→ What to work on
Retrieve every line of the data holding the word "venda".

_ _ _ _ _

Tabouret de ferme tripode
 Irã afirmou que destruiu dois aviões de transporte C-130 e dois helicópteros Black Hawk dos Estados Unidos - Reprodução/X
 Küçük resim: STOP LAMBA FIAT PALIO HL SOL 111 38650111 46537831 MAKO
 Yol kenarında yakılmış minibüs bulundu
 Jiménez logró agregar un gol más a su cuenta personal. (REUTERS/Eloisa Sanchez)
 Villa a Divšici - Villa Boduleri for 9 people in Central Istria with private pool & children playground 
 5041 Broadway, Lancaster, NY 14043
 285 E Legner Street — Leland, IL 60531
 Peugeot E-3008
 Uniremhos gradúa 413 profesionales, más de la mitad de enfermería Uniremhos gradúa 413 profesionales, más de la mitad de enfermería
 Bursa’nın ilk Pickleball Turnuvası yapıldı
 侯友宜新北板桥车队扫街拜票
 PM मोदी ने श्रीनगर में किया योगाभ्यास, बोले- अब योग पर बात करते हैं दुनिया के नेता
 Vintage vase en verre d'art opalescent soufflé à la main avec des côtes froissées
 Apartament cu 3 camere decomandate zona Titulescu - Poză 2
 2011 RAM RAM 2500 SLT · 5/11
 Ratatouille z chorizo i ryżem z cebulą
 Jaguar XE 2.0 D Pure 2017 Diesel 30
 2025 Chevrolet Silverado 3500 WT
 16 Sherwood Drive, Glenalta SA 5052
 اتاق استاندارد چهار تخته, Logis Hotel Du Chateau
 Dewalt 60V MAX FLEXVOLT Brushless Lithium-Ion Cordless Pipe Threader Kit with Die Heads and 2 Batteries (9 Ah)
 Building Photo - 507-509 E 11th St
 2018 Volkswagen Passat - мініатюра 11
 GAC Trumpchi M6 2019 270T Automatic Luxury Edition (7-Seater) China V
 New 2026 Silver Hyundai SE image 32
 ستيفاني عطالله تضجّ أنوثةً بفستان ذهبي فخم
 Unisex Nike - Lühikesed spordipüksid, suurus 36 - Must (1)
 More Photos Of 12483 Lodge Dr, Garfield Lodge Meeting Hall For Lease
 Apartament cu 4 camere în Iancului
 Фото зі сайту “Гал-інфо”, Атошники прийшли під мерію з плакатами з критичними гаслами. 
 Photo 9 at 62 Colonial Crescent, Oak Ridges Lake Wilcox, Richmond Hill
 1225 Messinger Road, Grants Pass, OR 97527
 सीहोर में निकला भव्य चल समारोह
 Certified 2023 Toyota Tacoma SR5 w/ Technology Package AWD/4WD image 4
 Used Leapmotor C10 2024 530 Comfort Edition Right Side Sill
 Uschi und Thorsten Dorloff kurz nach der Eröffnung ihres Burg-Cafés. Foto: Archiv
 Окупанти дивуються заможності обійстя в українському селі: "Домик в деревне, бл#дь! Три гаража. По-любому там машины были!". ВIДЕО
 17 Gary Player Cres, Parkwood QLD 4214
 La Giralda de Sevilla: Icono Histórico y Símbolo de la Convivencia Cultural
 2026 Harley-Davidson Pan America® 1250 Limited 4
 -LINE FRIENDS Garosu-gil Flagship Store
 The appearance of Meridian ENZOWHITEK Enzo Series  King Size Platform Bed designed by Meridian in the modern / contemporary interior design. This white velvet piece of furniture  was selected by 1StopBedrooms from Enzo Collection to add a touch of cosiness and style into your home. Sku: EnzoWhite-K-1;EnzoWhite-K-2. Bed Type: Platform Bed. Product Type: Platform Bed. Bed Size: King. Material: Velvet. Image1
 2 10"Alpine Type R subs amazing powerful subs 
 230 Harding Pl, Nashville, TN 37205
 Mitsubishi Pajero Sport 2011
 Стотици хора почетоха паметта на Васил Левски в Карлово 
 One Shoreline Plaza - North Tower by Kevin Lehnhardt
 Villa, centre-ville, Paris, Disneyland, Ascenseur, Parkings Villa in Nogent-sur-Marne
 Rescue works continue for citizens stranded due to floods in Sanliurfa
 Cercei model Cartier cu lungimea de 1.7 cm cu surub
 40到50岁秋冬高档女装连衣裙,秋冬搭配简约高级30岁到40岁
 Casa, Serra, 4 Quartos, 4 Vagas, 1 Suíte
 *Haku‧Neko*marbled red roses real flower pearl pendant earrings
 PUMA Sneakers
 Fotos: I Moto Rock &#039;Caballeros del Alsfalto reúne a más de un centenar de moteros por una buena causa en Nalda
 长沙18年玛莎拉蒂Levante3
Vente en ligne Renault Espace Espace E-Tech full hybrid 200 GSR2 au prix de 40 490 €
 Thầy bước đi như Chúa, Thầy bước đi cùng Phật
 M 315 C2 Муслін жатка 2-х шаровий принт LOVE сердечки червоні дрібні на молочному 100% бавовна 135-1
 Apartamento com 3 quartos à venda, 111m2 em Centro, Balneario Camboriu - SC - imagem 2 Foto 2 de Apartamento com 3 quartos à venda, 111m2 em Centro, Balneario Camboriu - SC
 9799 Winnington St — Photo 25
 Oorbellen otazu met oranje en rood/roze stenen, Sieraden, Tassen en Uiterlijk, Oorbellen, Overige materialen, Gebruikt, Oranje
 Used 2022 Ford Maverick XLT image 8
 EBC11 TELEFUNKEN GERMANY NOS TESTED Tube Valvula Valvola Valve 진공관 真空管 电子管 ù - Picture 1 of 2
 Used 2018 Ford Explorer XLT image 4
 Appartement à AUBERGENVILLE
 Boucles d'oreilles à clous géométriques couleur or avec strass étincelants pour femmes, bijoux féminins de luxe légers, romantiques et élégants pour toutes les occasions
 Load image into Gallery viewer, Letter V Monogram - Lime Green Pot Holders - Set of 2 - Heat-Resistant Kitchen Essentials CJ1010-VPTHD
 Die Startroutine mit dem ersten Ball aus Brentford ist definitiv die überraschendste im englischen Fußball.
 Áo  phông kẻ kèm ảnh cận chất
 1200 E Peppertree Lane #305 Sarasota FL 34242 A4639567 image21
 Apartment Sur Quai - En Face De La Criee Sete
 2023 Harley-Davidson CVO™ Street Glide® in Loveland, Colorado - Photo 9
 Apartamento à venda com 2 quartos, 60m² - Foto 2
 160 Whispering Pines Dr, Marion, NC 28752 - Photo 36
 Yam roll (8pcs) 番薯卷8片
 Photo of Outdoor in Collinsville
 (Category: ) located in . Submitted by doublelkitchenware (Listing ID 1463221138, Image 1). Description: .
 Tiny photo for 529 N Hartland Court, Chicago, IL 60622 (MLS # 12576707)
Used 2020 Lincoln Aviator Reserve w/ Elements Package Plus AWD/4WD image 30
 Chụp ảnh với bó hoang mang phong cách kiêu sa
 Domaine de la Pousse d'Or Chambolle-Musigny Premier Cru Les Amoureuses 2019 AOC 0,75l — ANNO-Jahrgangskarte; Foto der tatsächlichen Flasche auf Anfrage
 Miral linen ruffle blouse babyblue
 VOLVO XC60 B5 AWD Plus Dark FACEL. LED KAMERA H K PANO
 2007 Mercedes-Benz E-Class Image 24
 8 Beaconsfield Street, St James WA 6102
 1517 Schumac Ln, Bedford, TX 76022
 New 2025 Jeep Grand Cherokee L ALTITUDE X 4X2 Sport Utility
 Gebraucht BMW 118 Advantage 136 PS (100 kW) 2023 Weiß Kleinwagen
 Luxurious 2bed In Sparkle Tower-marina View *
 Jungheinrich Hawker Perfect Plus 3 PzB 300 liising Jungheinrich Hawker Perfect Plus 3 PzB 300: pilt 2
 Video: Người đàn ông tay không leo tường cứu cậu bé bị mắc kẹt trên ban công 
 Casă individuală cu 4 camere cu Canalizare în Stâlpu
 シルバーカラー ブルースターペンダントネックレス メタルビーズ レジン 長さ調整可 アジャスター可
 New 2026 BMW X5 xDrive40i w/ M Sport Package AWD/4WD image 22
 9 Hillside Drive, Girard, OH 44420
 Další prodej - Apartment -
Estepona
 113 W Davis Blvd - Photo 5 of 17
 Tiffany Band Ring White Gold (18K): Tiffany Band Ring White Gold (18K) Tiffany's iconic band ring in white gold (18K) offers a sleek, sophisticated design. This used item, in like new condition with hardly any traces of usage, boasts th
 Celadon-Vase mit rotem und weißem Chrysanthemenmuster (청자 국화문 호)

_ _ _ _ _

→ Task response
 Apartamento com 3 quartos à venda, 111m2 em Centro, Balneario Camboriu - SC - imagem 2 Foto 2 de Apartamento com 3 quartos à venda, 111m2 em Centro, Balneario Camboriu - SC
 Apartamento à venda com 2 quartos, 60m² - Foto 2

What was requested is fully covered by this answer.